Pourquoi est-ce que beaucoup de rwandais, qu’ils soient hutu ou tutsi, tentent tous de fuir leur pays? La réponse est simple: Toutes les Institutions de l’Etat Rwandais (Gouvernement, Parlement et Magistrature) sont paralysées et contrôlées par l’Armée omniprésente et omnipotente. Ceux qui se font des illusions encore sont obligés de trouver «des individus qui puissent les protéger contre l’arbitraire". Car, c’est le règne de l’arbitraire et de l’absurde au Rwanda. Même le « Système Judicaire » est incapable de protéger les détenus. Les commandants militaires font régner la terreur et l’arbitraire. Les ministres, les parlementaires, les cadres politiques civils du FPR, les fonctionnaires de l’Etat, les autorités administratives, les magistrats, TOUT le monde a peur.
Ils tremblent devant les militaires.
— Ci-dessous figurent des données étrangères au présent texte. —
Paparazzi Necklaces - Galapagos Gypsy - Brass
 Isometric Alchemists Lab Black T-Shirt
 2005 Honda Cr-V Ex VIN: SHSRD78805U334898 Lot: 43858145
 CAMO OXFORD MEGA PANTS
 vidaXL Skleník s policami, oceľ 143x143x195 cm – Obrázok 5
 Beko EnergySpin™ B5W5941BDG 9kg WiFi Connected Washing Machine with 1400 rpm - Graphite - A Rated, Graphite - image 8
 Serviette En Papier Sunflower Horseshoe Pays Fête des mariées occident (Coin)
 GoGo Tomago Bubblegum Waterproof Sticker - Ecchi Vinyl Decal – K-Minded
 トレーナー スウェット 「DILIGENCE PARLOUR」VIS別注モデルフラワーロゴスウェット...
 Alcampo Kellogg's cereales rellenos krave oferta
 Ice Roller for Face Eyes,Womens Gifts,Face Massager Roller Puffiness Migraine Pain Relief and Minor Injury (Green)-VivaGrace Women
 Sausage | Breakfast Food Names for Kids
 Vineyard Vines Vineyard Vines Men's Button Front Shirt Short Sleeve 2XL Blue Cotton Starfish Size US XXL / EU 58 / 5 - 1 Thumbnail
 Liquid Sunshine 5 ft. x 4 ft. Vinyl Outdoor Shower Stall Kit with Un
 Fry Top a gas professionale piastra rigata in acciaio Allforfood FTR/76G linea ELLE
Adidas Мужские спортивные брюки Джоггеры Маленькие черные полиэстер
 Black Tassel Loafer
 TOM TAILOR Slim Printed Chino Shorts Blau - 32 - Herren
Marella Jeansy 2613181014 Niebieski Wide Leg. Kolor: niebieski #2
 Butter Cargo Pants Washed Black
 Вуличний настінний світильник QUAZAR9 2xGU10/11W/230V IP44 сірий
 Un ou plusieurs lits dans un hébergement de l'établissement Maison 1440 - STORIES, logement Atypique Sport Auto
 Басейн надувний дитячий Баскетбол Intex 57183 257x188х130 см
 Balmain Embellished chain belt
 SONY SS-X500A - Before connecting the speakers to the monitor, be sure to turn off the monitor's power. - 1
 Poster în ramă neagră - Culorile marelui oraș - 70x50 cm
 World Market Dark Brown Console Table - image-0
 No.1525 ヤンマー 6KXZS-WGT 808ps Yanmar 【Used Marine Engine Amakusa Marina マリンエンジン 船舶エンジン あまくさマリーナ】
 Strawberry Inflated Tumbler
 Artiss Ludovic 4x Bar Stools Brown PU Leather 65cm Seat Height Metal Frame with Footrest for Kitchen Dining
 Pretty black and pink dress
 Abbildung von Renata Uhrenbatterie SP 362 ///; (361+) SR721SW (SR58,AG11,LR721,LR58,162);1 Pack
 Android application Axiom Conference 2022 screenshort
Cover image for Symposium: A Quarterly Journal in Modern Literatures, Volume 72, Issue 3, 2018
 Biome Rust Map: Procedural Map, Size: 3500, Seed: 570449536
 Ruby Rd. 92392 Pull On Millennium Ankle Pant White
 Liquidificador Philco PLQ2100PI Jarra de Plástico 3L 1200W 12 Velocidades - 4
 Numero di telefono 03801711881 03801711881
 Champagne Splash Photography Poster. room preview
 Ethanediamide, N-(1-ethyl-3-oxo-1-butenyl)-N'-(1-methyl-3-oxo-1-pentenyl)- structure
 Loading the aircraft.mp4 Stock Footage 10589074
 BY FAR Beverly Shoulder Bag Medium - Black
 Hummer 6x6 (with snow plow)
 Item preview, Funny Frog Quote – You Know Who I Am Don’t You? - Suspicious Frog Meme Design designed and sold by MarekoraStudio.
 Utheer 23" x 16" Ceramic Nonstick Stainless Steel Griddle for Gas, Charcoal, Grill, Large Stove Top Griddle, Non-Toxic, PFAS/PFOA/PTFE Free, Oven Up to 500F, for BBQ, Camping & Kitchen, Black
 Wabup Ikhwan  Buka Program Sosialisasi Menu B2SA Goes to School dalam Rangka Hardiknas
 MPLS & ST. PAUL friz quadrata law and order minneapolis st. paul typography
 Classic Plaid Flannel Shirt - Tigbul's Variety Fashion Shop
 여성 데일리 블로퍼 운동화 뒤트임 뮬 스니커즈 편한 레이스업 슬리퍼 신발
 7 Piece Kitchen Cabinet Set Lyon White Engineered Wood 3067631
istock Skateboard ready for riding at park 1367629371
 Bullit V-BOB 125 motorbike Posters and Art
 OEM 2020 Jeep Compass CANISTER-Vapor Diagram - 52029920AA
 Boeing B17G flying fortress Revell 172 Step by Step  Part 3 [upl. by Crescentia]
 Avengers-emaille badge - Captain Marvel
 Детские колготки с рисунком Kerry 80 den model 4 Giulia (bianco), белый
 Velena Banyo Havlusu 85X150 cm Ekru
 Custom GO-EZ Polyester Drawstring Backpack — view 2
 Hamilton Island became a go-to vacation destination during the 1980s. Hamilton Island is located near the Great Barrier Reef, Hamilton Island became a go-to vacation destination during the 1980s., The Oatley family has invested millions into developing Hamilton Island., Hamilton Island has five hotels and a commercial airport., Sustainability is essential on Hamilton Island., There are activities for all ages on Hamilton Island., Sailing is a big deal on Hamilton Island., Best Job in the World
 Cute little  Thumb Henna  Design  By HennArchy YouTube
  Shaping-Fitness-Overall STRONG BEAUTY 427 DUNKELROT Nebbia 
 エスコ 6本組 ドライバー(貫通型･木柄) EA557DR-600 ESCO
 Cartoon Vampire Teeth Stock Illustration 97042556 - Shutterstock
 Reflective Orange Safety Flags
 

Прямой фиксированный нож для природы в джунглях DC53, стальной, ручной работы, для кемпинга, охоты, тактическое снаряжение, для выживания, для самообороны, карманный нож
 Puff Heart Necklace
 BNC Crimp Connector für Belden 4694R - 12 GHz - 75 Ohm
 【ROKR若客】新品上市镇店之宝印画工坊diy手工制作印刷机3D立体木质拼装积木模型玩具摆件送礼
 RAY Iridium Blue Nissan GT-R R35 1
Or, ce sont ces structures de l’Etat qui devraient assurer le respect des lois, car ce sont les lois qui régissent un véritable système d’état capable de protéger la société.
L’Etat rwandais, qui n’existe plus qu’en théorie, est incapable de faire respecter les lois et de protéger les personnes et les biens. C’est un Etat qui est en pleine désintégration, car c’est la loi du plus fort ou du plus fou et l’anarchie qui règnent là-bas.
Pour le Centre, MATATA Joseph, Coordinateur.
(*) Le Centre de Lutte contre l’Impunité et l’Injustice au Rwanda est une association de défense des droits humains basée en Belgique, créée le 18 août 1995. Ses membres sont des militants des droits humains de longue date. Certains ont été actifs au sein d’associations rwandaises de défense des droits humains et ont participé à l’enquête CLADHO/Kanyarwanda sur le génocide de 1994. Lorsqu’ils ont commencé à enquêter sur les crimes du régime rwandais actuel, ils ont subi des menaces et ont été contraints de s’exiler à l’étranger où ils poursuivent leur engagement en faveur des droits humains.